January 1, 1918 to October 31, 2005
If you remember, Halloween fell on a Monday last year. I was at work as usual, hefting my new belly around, mostly just trying to distract myself while I waited for a phone call telling me that my beloved Grandma Ruth had passed. I was down a few cubes from my own and heard a phone ring around 3 pm. My next door cube neighbour knew I was waiting for a phone call so I figured she'd tell me if it was my phone. But it was my phone. I didn't get to it on time and whoever it was didn't leave a message. When I got home later, there was a message from my mom with the news. Grandma Ruth hadn't even been sick for a week and already she had died. Somehow, she was dead sounds just too harsh, even after a year.
Grandma Ruth had had surgery on the Friday before to remove a blockage caused by bowel cancer. But we knew by Saturday morning that she wasn't recovering as well as she had in 2004 when she'd had the same surgery a month or two before our wedding. Then, she was determined to be at our wedding, and I know her recovery was partly due to her determination. She made it to our wedding and was right in the centre of our photos.
SD and I had visited her on the Saturday, to say whatever we felt we needed to say, just in case. We had tickets for a musical in Toronto, Umoja, that night, and figured we may as well just take the extra few hours to get up to Peterborough. I'm so glad we did. I wore my favourite maternity shirt, which made me look like I'd swallowed a pumpkin – it seemed particularly apt, somehow. I thought if I showed off my belly and we talked about the baby it would give her the strength to fight back to health.
Unfortunately, a lot had happened since her last surgery. Sadly, her husband, Grandpa Jack, who gave Swee'pea his middle name, died on January 14, 2005, and although it had seemed to me that Grandpa's memory loss had become a burden to her, she had told me that she was lonely without him. They had been married for something like 67 years. Also, right after Grandpa died, a good friend of hers at the retirement home also died, leaving her to sit with a couple of grumpy old biddies at lunch. During the short time between Grandpa's death and hers, she often talked about the negative people she had to eat lunch with but she couldn't be bothered asking to sit elsewhere.
It's such a cliché but when we walked into the hospital room, I was shocked at the pale, shrunken, weak old lady on the bed. She had all kinds of tubes running into and out of various body parts, and she looked so tired, you could see that just raising her eyelids, figuring out where she was and forming her mouth around words took enormous effort. But she was happy to see us. I saw her eyes widen in glee at the sight of my pregnant belly, much larger than the last time I saw her.

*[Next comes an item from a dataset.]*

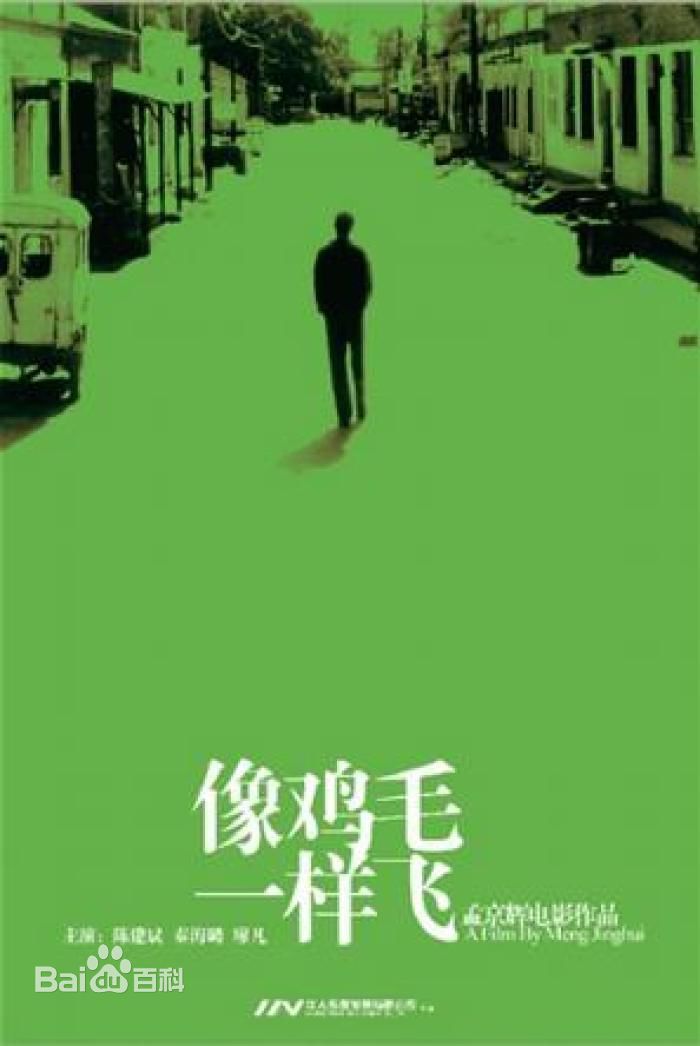 最全陈明昊素颜照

I remember feeling like she was already partway to heaven. I had a sense that she was hallucinating, maybe watching spirits fly around, or eating a picnic in the park, like the image in the painting that hung in her dining room and now is in our house. It felt like she consciously had to pull herself back to earth, to this room, to us.
When I started talking about the baby and how I could feel it move every day, I could see in her eyes that she knew she wasn't going to meet this baby. Her eyes held a distance. I still felt hope, but just in case I told her of our plans to make one of the baby's names Jack if it was a boy. We'd been keeping this a secret from our families but I thought she would want to know. When we told her, she looked at SD and said something, nodding her head emphatically. Unfortunately she had an oxygen mask over her mouth, and the pain meds and her exhaustion made her slur, so we couldn't really understand what she was saying. But she continued to repeat herself, so it was obviously important to her, and I think she was saying something along the lines of, “Jack often said he liked you,” to SD. Either that, or she was saying that she'd seen Jack often around the hospital room.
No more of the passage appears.